**EXERCISE OBJECTIVE**
In the data below, find the line with "So this is actually" and the line with "I have iTunes", then restate both and every line between them exactly, minus the pictures.

**DATA IN THIS EXERCISE**

┌────────

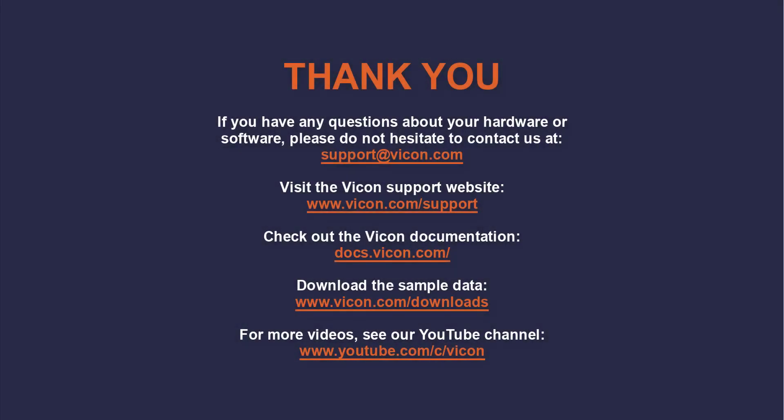Thank you for watching this video. As always, if you have any questions about your hardware or software, please do not hesitate to contact us at support at vicon.com. Please see the other links for more information or more training materials as well.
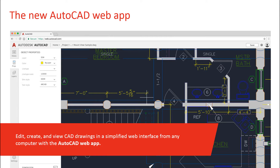We built the AutoCAD web app from the ground up with the original AutoCAD's engine at its core. You get the precision, consistency, and fidelity you've come to expect from AutoCAD. You also get core AutoCAD commands so you can get up to speed quickly and be productive with very little learning or training.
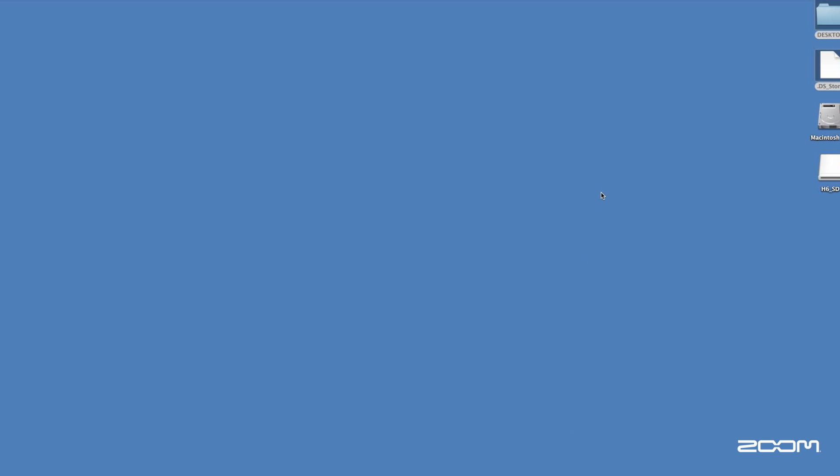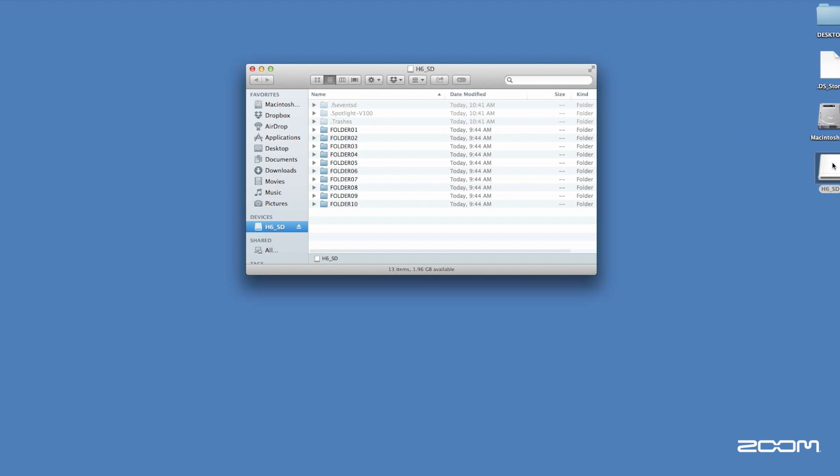On a Mac, the H6 will appear as a separate hard drive. Simply double-click the hard drive to view your folders.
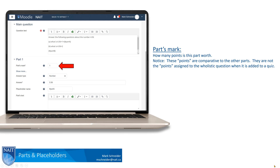Through the parts mark category you can assign a point value to the given parts. So for example, if we want part A to be worth one point and part B to be worth three points, we can control that through the parts mark field. Notice this has nothing to do with the holistic question point value when it's added to a Moodle quiz — that's just a reference to other parts within the same question. You'll control the holistic point value for the entire question when you go to add it to the Moodle quiz later.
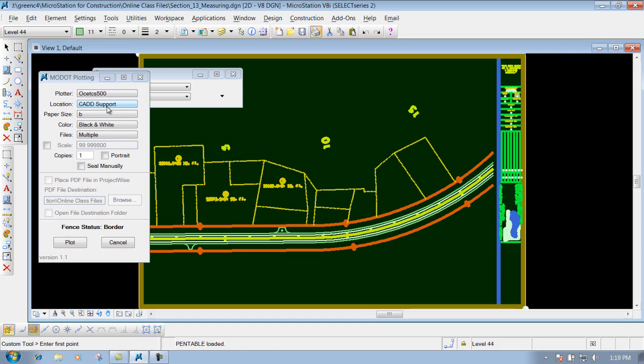Whenever you print out multiple sheets, you want to print out the sheets that have the same size border attached to them. So if you're coming in here and you have, let's say, your plan sheets. Let's say you have 20 plan sheets. Some of the sheets are in a 100 scale, some of them are in a 50 scale. I wouldn't want to print all of those out at the same time.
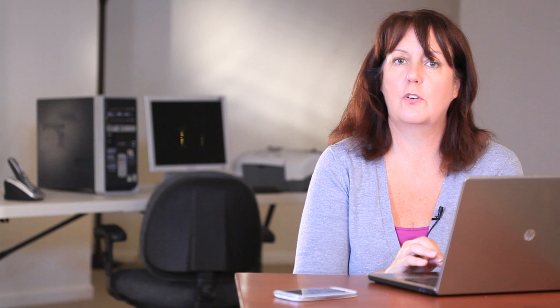Now one thing, by default when you set up WordPress, the pages also offer the ability to leave a comment. While that's normal for blog posts, a lot of people don't want people to comment on their static pages.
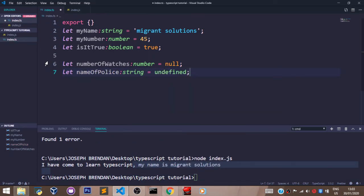So this is actually a better way we can use the null and undefined variable types. This means let the numberOfWatches, which is a number variable type, be set to null, and let the nameOfPolice officer, which is a string type, be set to undefined.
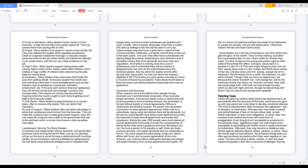Some leaders live a life full of abundance, and God hardly ever gets the glory of the wealth. They too fear nothing, and when the unjust leaders fear no one, others suffer for choices they make. It is time to reprove the wrong and make it right on both sides of the parties this effect, to forgive. Jesus said in a parable in Luke 18:1-8 that men ought always to pray and not faint, saying, there was in a city a judge. And there was a widow in that city, and she came unto him, saying, avenge me of my adversary. And he would not for a while, but afterward he said within himself, though I fear not God nor regard man, yet because this widow troubleth me, I will avenge her, lest by her continual coming she weary me. And the Lord said, hear what the unjust judge saith. And shall not God avenge his elect, which cry day and night unto him, though he beared long with them? I tell you that he will avenge them speedily.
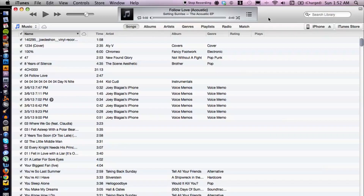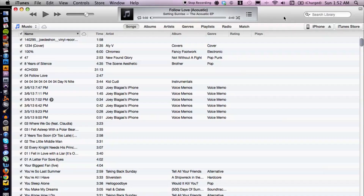I have iTunes open here. First off, going back to your iPhone, you want to make sure that you are connected so iTunes can read your iPhone.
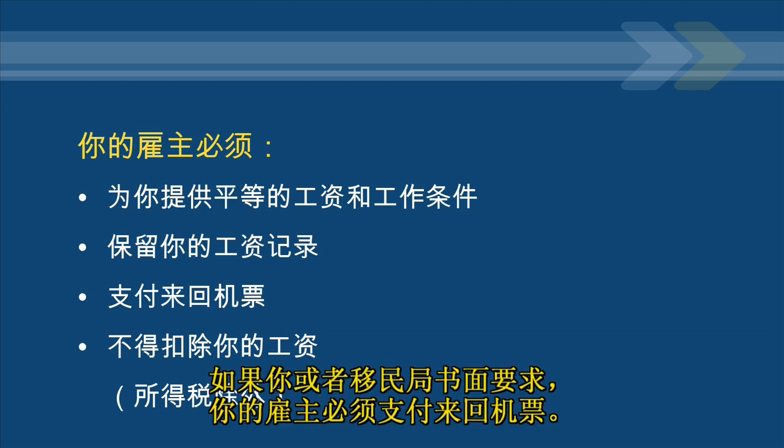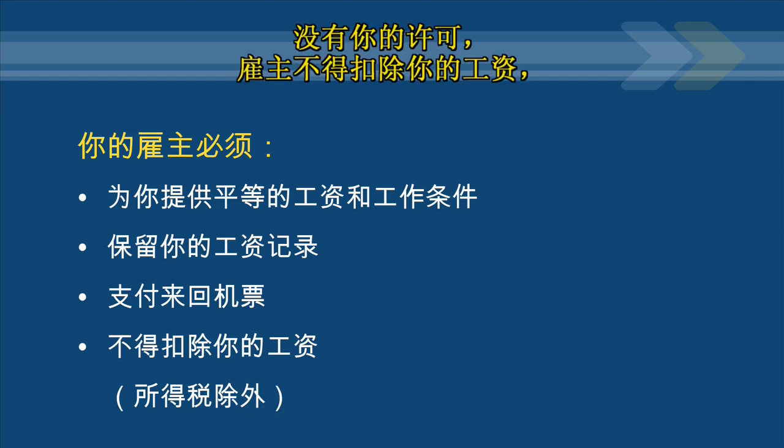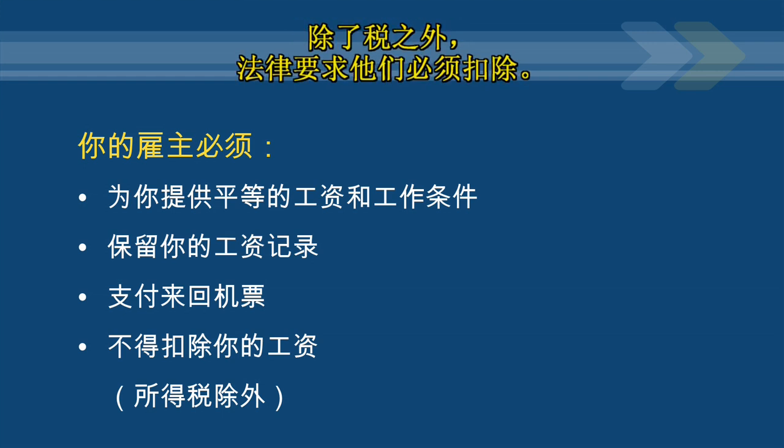Your employer must pay your return airfare if you or the Department request this in writing. Your employer must not make deductions from your pay without your permission, other than tax, which they must deduct by law.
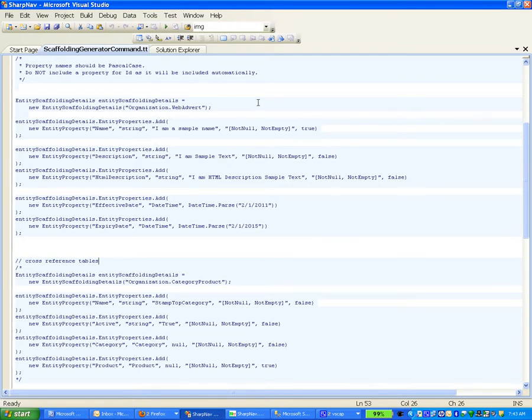We're going to generate the webpages, the controller, our model view controller, the unit tests, and the core object — all by simply saving this templated form.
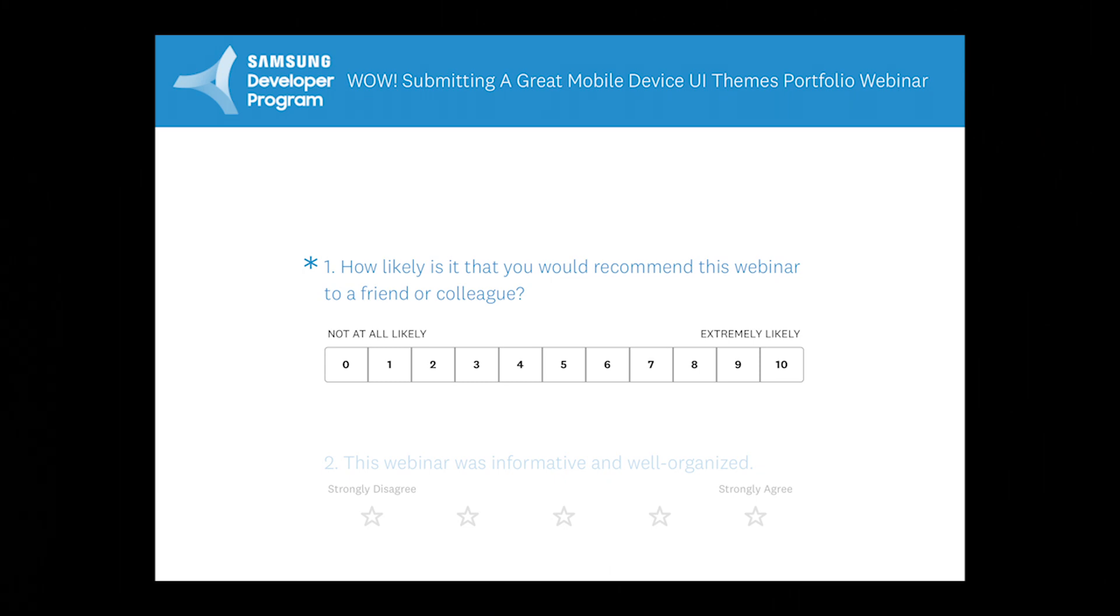I think that's pretty much it for the majority of the questions that came in. We did answer a lot of private chat questions. So hopefully we answered them all for you. If you have more questions, though, you can go over to our forum and you can post some questions on our forum. You can also send email to support at samsungdevelopers.com. And you can also submit a support request using our website. You can contact us that way. So we would love to hear from you. So please take our survey. Let us know how we did today with our webinar. And we look forward to seeing you next time on WOW. Thank you.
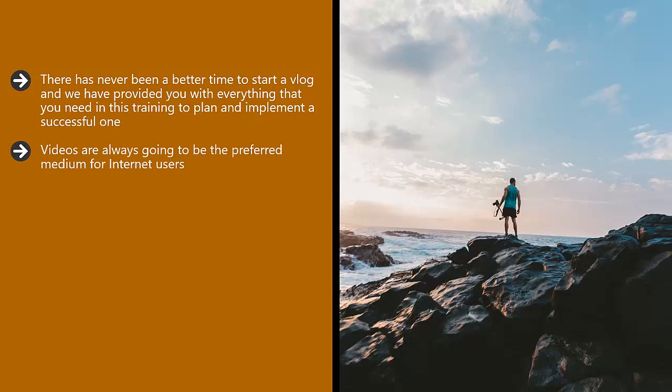Videos are always going to be the preferred medium for internet users. People are lazy and if they can spend five minutes watching a video on how to do something, this is a lot easier than spending 20 minutes reading a 5,000 word blog post.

└────────

**EXERCISE RESPONSE**
So this is actually a better way we can use the null and undefined variable types. This means let the numberOfWatches, which is a number variable type, be set to null, and let the nameOfPolice officer, which is a string type, be set to undefined.
Some leaders live a life full of abundance, and God hardly ever gets the glory of the wealth. They too fear nothing, and when the unjust leaders fear no one, others suffer for choices they make. It is time to reprove the wrong and make it right on both sides of the parties this effect, to forgive. Jesus said in a parable in Luke 18:1-8 that men ought always to pray and not faint, saying, there was in a city a judge. And there was a widow in that city, and she came unto him, saying, avenge me of my adversary. And he would not for a while, but afterward he said within himself, though I fear not God nor regard man, yet because this widow troubleth me, I will avenge her, lest by her continual coming she weary me. And the Lord said, hear what the unjust judge saith. And shall not God avenge his elect, which cry day and night unto him, though he beared long with them? I tell you that he will avenge them speedily.
I have iTunes open here. First off, going back to your iPhone, you want to make sure that you are connected so iTunes can read your iPhone.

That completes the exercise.